#### [The data]
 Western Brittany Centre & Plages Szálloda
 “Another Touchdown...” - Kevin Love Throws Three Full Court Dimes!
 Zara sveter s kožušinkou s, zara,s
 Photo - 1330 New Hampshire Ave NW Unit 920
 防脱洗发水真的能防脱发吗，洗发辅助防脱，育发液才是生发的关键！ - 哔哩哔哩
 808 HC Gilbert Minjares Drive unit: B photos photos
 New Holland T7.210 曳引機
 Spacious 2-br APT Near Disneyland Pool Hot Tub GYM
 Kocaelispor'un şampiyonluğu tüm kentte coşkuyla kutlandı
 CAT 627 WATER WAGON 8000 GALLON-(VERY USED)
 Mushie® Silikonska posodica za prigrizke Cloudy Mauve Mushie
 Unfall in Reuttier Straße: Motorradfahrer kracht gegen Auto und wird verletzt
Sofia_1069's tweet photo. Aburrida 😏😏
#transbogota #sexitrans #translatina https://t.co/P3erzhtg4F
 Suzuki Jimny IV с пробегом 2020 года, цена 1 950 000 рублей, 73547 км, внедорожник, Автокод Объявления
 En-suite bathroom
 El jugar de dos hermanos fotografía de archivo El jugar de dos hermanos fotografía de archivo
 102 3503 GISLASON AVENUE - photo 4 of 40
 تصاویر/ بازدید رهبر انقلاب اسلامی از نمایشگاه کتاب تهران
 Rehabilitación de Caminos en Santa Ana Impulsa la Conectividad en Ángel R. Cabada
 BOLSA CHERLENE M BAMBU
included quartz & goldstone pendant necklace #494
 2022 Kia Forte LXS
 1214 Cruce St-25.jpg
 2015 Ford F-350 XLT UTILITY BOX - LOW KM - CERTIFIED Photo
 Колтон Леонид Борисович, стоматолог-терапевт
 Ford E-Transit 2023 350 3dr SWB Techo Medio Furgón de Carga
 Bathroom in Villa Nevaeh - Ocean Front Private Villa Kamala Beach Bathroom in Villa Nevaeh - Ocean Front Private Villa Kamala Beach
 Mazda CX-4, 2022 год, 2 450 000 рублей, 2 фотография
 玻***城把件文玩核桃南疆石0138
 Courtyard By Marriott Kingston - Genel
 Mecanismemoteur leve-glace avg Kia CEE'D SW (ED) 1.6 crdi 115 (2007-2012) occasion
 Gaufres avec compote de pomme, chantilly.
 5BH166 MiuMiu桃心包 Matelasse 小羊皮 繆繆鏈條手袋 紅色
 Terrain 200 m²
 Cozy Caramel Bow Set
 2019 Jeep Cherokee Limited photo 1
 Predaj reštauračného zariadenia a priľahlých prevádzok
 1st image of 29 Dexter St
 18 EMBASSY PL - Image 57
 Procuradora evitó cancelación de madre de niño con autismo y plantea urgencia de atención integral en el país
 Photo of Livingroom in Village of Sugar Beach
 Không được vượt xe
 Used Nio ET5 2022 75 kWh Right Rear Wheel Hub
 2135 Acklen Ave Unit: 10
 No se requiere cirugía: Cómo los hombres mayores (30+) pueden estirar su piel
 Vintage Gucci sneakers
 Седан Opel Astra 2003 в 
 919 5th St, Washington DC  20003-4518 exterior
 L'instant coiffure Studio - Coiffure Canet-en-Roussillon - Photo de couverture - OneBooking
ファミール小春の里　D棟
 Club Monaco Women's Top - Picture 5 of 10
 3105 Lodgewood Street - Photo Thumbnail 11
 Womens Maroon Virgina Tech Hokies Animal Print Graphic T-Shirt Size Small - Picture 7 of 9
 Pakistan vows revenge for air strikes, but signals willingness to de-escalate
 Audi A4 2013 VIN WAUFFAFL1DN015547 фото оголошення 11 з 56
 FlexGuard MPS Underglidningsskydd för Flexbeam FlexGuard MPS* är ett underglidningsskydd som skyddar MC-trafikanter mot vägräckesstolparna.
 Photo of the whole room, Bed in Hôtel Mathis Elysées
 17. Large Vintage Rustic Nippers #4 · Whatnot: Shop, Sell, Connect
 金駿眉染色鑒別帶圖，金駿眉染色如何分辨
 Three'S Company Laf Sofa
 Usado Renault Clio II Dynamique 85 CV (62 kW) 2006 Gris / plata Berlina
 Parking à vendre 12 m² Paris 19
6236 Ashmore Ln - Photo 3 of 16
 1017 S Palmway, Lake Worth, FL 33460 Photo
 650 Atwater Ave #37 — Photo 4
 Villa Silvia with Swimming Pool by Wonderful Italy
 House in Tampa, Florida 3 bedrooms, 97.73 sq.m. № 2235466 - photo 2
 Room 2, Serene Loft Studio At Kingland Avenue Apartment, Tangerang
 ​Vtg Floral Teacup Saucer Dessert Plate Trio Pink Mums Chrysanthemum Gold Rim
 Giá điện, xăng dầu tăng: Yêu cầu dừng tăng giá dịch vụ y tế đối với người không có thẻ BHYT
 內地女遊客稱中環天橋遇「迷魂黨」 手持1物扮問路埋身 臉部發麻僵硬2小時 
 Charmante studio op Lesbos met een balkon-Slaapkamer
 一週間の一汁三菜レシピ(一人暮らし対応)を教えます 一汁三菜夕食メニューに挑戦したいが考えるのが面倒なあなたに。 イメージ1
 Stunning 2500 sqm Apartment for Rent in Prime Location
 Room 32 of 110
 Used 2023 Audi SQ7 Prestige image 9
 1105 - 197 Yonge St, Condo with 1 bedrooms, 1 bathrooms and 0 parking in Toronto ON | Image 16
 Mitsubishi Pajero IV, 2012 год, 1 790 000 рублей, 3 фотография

#### [What is required]
Begin with the line above that has "2022 Kia Forte LXS" and continue through the line that has "919 5th St, Washington", setting each one down exactly. Stop there.

#### [Your solution]
 2022 Kia Forte LXS
 1214 Cruce St-25.jpg
 2015 Ford F-350 XLT UTILITY BOX - LOW KM - CERTIFIED Photo
 Колтон Леонид Борисович, стоматолог-терапевт
 Ford E-Transit 2023 350 3dr SWB Techo Medio Furgón de Carga
 Bathroom in Villa Nevaeh - Ocean Front Private Villa Kamala Beach Bathroom in Villa Nevaeh - Ocean Front Private Villa Kamala Beach
 Mazda CX-4, 2022 год, 2 450 000 рублей, 2 фотография
 玻***城把件文玩核桃南疆石0138
 Courtyard By Marriott Kingston - Genel
 Mecanismemoteur leve-glace avg Kia CEE'D SW (ED) 1.6 crdi 115 (2007-2012) occasion
 Gaufres avec compote de pomme, chantilly.
 5BH166 MiuMiu桃心包 Matelasse 小羊皮 繆繆鏈條手袋 紅色
 Terrain 200 m²
 Cozy Caramel Bow Set
 2019 Jeep Cherokee Limited photo 1
 Predaj reštauračného zariadenia a priľahlých prevádzok
 1st image of 29 Dexter St
 18 EMBASSY PL - Image 57
 Procuradora evitó cancelación de madre de niño con autismo y plantea urgencia de atención integral en el país
 Photo of Livingroom in Village of Sugar Beach
 Không được vượt xe
 Used Nio ET5 2022 75 kWh Right Rear Wheel Hub
 2135 Acklen Ave Unit: 10
 No se requiere cirugía: Cómo los hombres mayores (30+) pueden estirar su piel
 Vintage Gucci sneakers
 Седан Opel Astra 2003 в 
 919 5th St, Washington DC  20003-4518 exterior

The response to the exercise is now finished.